Как-то я обнаружила себя проходящей мимо школы. Дети открылись мне с внутренней стороны здания. Просто стены сделались для меня прозрачными, и я увидела детей, которые резвились на перемене. Тогда я вспомнила удивленно, что кажется когда-то давно, я была учительницей. А впрочем, может быть, это было совсем недавно. Потому что рефлексивный холодок пробежал у меня по спине при виде вышедшей неизвестно откуда, высушенной от забот, завучихи. Её спина, вопросительно изогнутая сверху, совсем расстроила меня, я всегда раздражалась от вида скрюченных спин. Моя гордая и царственная осанка, может быть, была моим самым большим достоинством.
Вдруг остро и тоскливо резанув душу, мне вспомнились дети, тетрадки, мои не выспавшиеся глаза, страхи и обязанности. Всё это серой кристаллической массой навалилось на меня, пытаясь утрамбовать меня на свой лад , разложить мои составляющие по своим осям. Я ощутила привычную тоску по брошенным мной детям, кажется, они тоже почувствовали что-то и, даже не видя меня, уже вдруг начали искать меня глазами.
Но как-то внезапно это всё опять покрылось туманом и уплыло в даль. Он снова стоял передо мной, тихонько развернув меня за плечи лицом к себе. И в свете его глаз я опять забыла о том, что я - измученная, заполошная учительница. Нет, я снова была светла и царственна, мои волосы откинулись за плечи золотистым огнем.
-Я подарю тебе новую жизнь, - сказал он с нежной улыбкой.
-Но твои родители... Они смущают меня, - ответила я ему.
Он промолчал.
Жажда перемен, именно она разжигала внутри меня золотистый огонь, рождающий вихри нетерпения.
-Скажи, почему мы должны жить вместе с твоими родителями?
Он не ответил, отвернув свой взгляд от меня. И я вдруг ощутила бессмысленность своего вопроса, словно бы я спросила его:
-Почему мы должны быть вместе?
 Я пыталась разглядеть его в деталях. На нем были обычные брюки, серая рубашка, темные полуботинки. Волосы он аккуратно зачесал назад. Больше ни слова не говоря, он взял меня за руку, и мы пошли к нему домой.

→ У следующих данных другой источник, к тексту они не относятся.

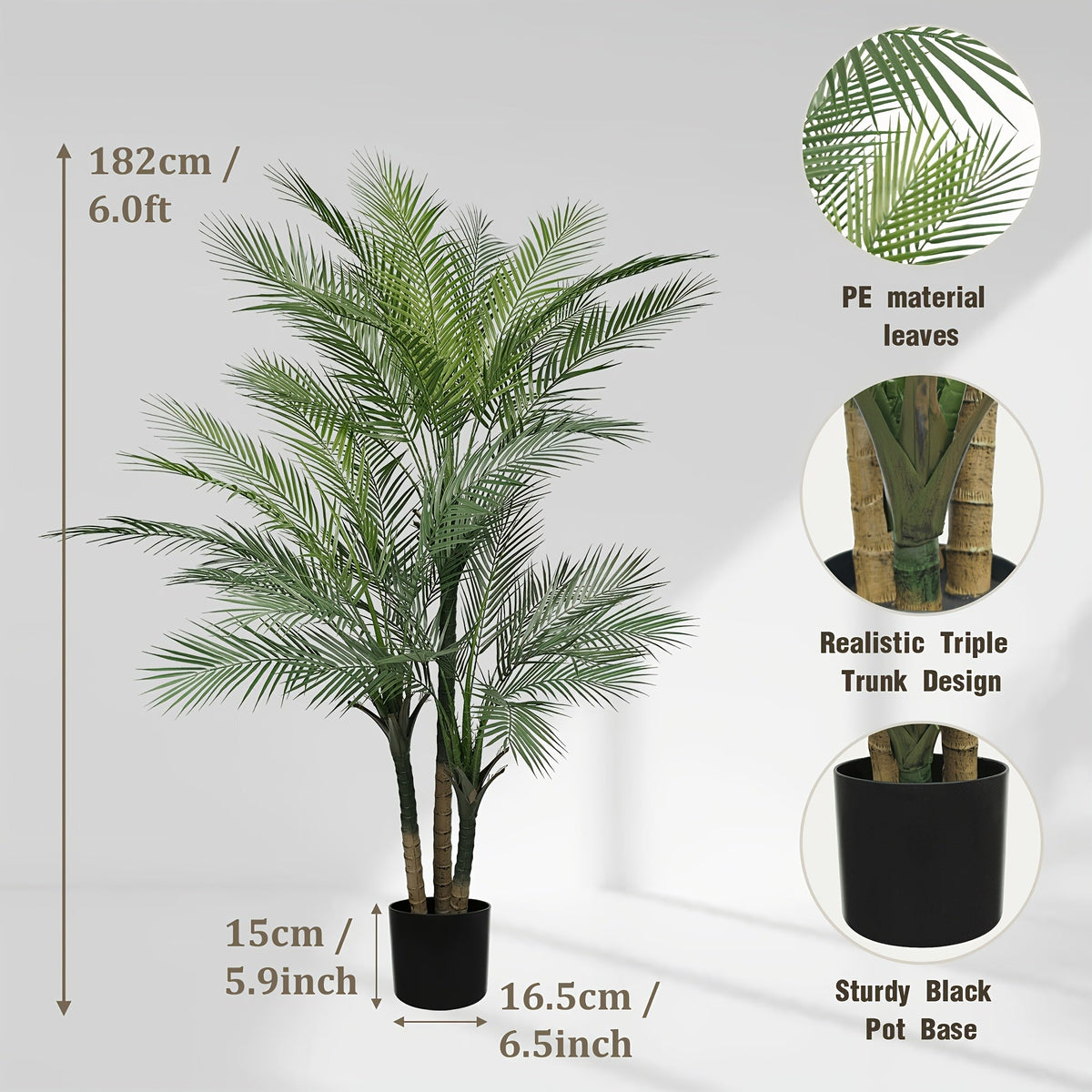 Artificial Palm Tree 4/5/6ft – UV-Resistant Faux Areca Palm with Realistic Dense Leaves & Black or White Planter Option for Living Room Patio Office Commercial Decor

Все его милое семейство было в полном составе. Сразу за коридором начиналась маленькая кухня, заваленная грудой грязной посуды. Его мать копошилась в холодильнике. Увидев нас, она повернула к нам свою голову с пережженными от перекиси волосами, с огромными глазами, густо разрисованными черной и синей тушью, и невнятно промычала что-то недовольное. Его отец источал злость, которую можно было уловить даже стоя на пороге комнаты. Он был давно болен и парализован. Пальцы его неподвижных рук висели сморщенными высохшими коричневыми бананами. Его глаза всегда сверкали остро и не добро. Все они здесь были с глазами. Семейка ведьмаков.
 
О том, что мой будущий муж тоже ведьмак, я старалась не думать. Всегда, когда он приходил домой, он начинал трудолюбиво копошиться, что-то подкручивая, меняя, прибивая. Это был его дом, а не мой. И я никак не могла принять его чуждость. Меня приводили в отчаяние длинный темный коридор и комнатки, отходящие от него, которые были забиты всяким хламом.

Обычно мой будущий муж приводил меня в такой же тесный, тёмный, неказистый зал. Откуда-то с затхлых антресолей он доставал синие фарфоровые чашки с треснутыми блюдцами и поил меня крепким кофе. За чайником он бегал на кухню, и всё то время, пока его не было со мной, я пыталась вспомнить, где же я живу. Вспомнить я не то чтобы не могла, но как-то не хотела. Получалось и выходило так, будто бы я нигде и не живу, только здесь. Но я не могла припомнить ни одной ночи, проведенной в этом доме. Я вообще не могла припомнить ни одной ночи в таком, иссушающем душу беспорядке. Все, что могло быть захламлено, было захламлено. Книжки, перья, тряпочки, клубочки, дощечки, разбитые вазочки, позеленевшие ложки - все это было свалено в беспорядочные кучки. Все уголки и щели были заткнуты разнообразнейшей ветошью. Облупившиеся дверцы ящиков, комодов, шкафов натужно выпирали , пытаясь удержать в себе ребристые куски пластмассы, провода, записные книжки, перекидные календари, рваные носки, клубки колготок, старые куртки, кофты и всякую другую дребедень, наводившую на меня острую тоску. Вся мебель казалась покрытой слоем пыли, затем жира и снова пыли, а из сырых углов еще веяло и запахом плесени.
 Его мать и отец, казалось, ничего вокруг не замечали. Кроме них у моего будущего мужа была родная сестра, но она была молода и появлялась здесь очень редко.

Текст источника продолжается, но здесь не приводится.